Every word in the data below belongs in your copy, exactly as given; the pictures do not.

(Supplied information)
........
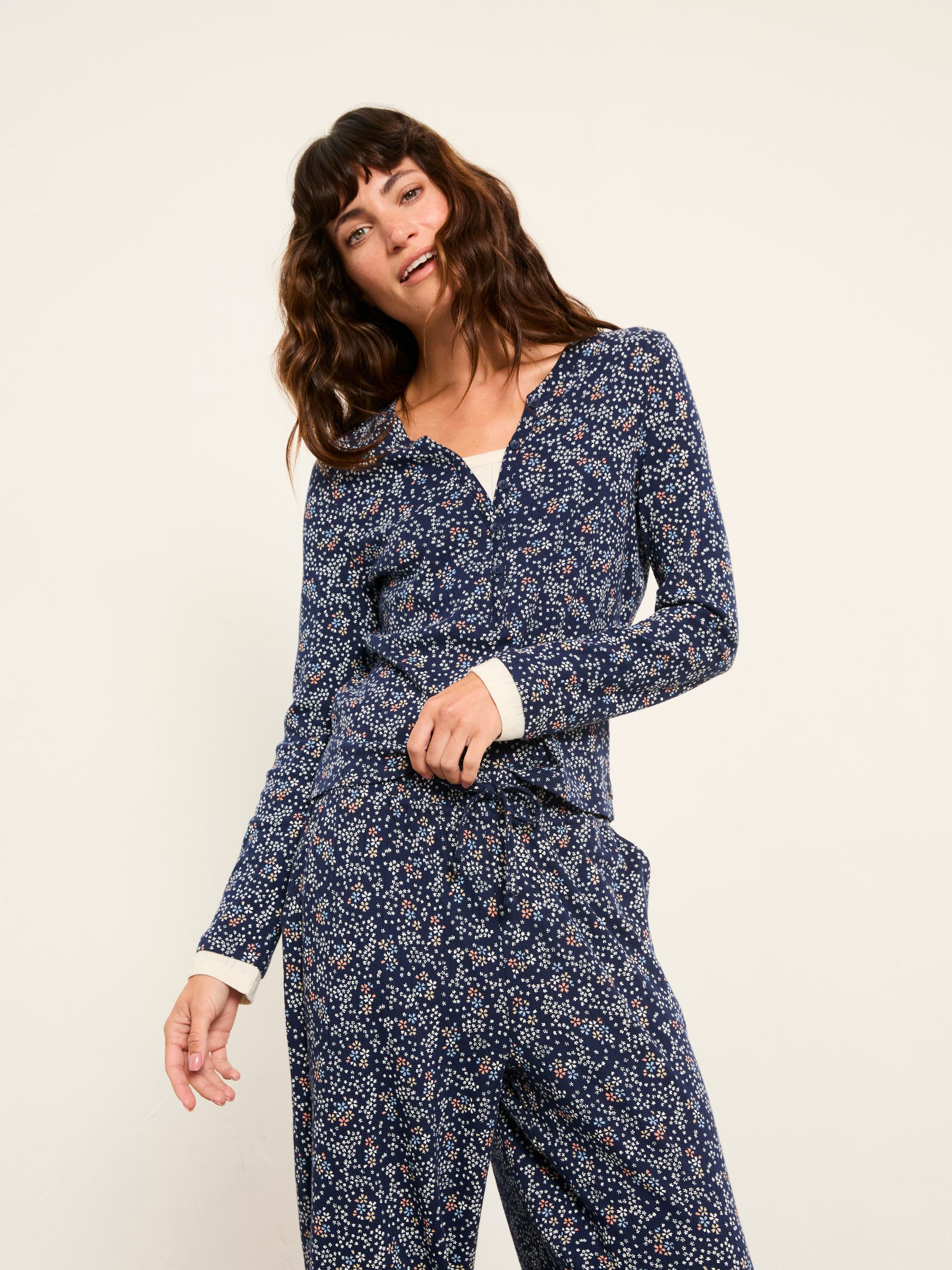Navy Ditsy Print Jersey Pyjama Set - Image 4 of 5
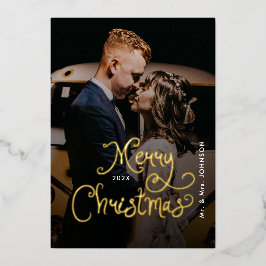 Merry Christmas Whimsical Script  Custom Photo  Folien Feiertagskarte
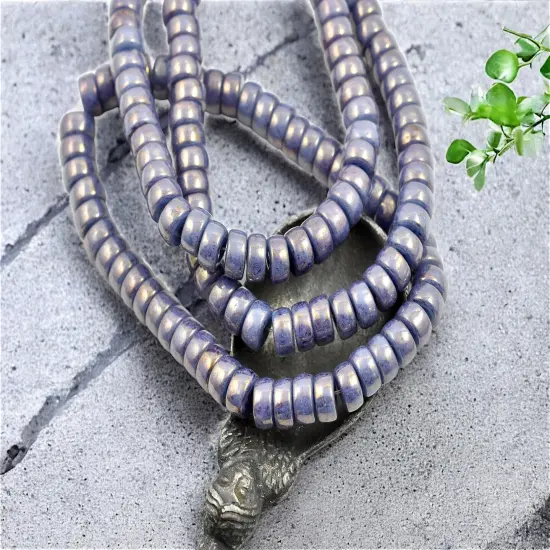 *50* 6x3mm Gold Lustered Slate Blue Heishi Beads {2}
........
(Solution to the exercise)
Navy Ditsy Print Jersey Pyjama Set - Image 4 of 5
 Merry Christmas Whimsical Script  Custom Photo  Folien Feiertagskarte
 *50* 6x3mm Gold Lustered Slate Blue Heishi Beads {2}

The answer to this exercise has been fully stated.